Chroniques

par david verdier

Raphaël Pichon joue Hippolyte et Aricie
tragédie lyrique de Jean-Philippe Rameau

Opéra royal, Château de Versailles
- 13 février 2013
Raphaël Pichon joue Hippolyte et Aricie (Rameau) à l'Opéra royal (Versailles)
© dr

Un seul être vous manque… c'est un peu le sentiment qui prédomine ce soir, à l'Opéra royal de Versailles, en découvrant l'absence de Gaëlle Arquez dans le rôle d'Aricie. En excluant de lui en tenir rigueur, il faut plutôt y voir les conséquences logiques d'un succès mérité et l'attente qu'avaient suscitée en nous ces dernières apparitions sur scène. On se consolera bientôt en la découvrant en Mrs Meg Page de Falstaff à l'Opéra Bastille.

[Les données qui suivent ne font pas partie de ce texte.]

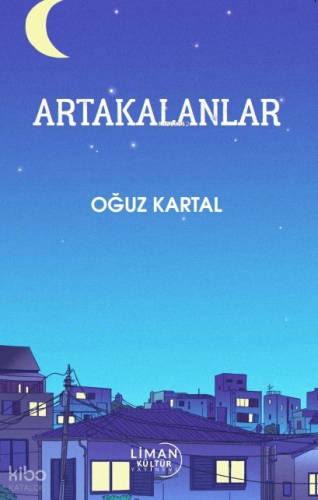 Arta Kalanlar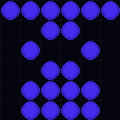 83.147.185.229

Pressée par un trac délétère, Elodie Kimmel ne démérite pas mais peine à faire oublier la dimension ample et fine du timbre de Gaëlle Arquez. Le couple qu'elle forme avec Samuel Boden (Hippolyte) trouve un équilibre bien involontaire dans une relative fragilité et une projection assez timorée. Deux adolescents timides, victimes d'un sort fatal qui les dépasse et finirait par les engloutir tragiquement sans ce piètre librettiste d'abbé Pellegrin qui crut bon de fermer les yeux sur la beauté tragique et sanguinolente de l'invention racinienne du récit de Théramène et proposait à la place un happy end dilué dans une très niaise et pastorale eau de rose. Contrairement au choix d'Ivan Alexandre et Emmanuelle Haïm à Garnier [lire notre chronique du 17 juin 2012], il s'agit de la dernière version de l'ouvrage (1757) qui raccourcit le dénouement et fait disparaître prologue et personnages.

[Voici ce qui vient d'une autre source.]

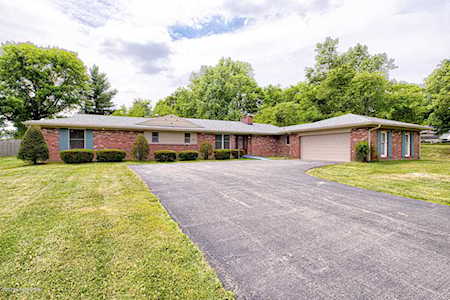 119 Eminence Pike Shelbyville, KY 40065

Hormis le frêle Hipplolyte, les grand rôles masculins sortent en triomphateurs de cette soirée versaillaise. Le Thésée d'Edwin Crossley-Mercer offre une alternative de très haut niveau à l'interprétation de Stéphane Degout. Seule l'absence de scénographie pourra faire obstacle à la caractérisation impressionnante de son personnage. Le grain sonore est très concentré, âpre et contondant quand il s'agit de dire le tourment de sa destinée (« Qu'ai-je appris ? Tous mes sens en sont glacés d'horreur… »), émouvant quand ce même destin frappe à nouveau pour lui interdire de revoir son fils. Jérôme Varnier s'impose sans conteste dans le rôle de Pluton, parfaitement en phase avec un livret qui évite à ce personnage les excès dramatiques de son rang mythologique. Dans la scène des Parques, il fond la sonorité de ses graves au reste du trio pour ne pas les couvrir. Vincent Vantyghem ne laisse pas la même impression d'aisance, surtout quand il s'agit de rentrer dans le costume terrifiant de la furie Tisiphone tourmentant Thésée aux Enfers. Le souvenir de Marc Mauillon sur la scène de Garnier hantera pour longtemps le souvenir de ceux qui ont eu la chance de l'entendre.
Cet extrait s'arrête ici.